VEPR fores 2016 growth at 6%

Mr. Nguyen Duc Thanh from the independent think tank told a press conference on October 11 to release its Vietnam Quarterly Macro-Economic Report that growth of 6 per cent is lower than the government’s target set at the beginning of the year of 6.7 per cent, which was then reduced to 6.3-6.5 per cent.

 
“The budget deficit is over the ceiling of 50 per cent of GDP, public debt remains a problem, and economic recovery as is not as strong as expected,” Mr. Thanh said. “The government should therefore learn lessons about setting high growth targets as budget spending remains the same as planned.”  
 
GDP stood at 6.4 per cent in the third quarter, up sharply over the 5.78 per cent recorded in the second quarter and 5.48 per cent in the first quarter, according to the General Statistics Office (GSO). It put the slow growth down to poor performances in the agriculture and mining sectors.
 
Vietnam’s growth is still “impressive”, according to economic expert Truong Dinh Tuyen. The new government target of 6.3-6.5 per cent, however, still faces great challenges.
 
“The best GDP growth Vietnam can reach for in 2016 is 6.0-6.2 per cent,” Mr. Tuyen acknowledged. Other than agriculture and mining, the most important matter is how to handle bad debts after the financial crisis and real estate bubble in the 2007-2009 period.
 
“Bad debts have not fallen and are instead increasing, with greater risk coming from infrastructure projects in the build-operate-transfer (BOT) mode, where builders depend greatly on bank financing,” Mr. Tuyen added.
 
The banking sector is likely to handle bad debts by itself without using their own profits to set aside provisions, but this method is inefficient and may weaken the national economy, according to Mr. Thanh.
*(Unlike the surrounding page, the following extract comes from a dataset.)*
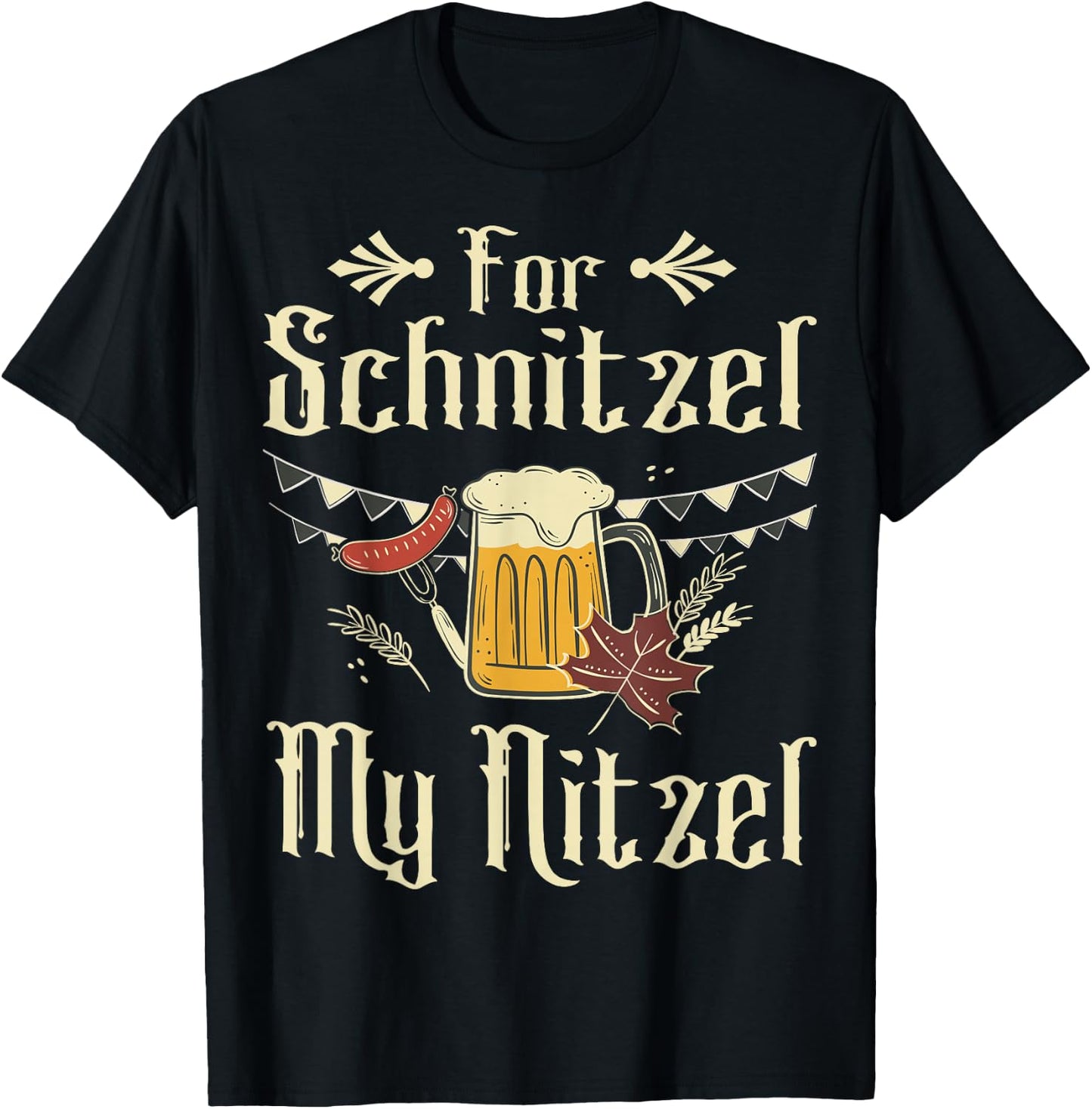 for Schnitzel My Nitzel Funny Oktoberfest Gift T-Shirt - T-Shirt | Black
“It needs to use real money to improve the bad debt situation, as seen with Japan using State budget funds and Indonesia borrowing from the IMF,” Mr. Tuyen said.
 
The VEPR report also pointed to international factors creating “uncertainty”, including falling raw material prices and oil prices. “Vietnam as an economy dependent upon exports and is influenced by recent events in the EU and the US, China and Japan,” Mr. Tuyen said.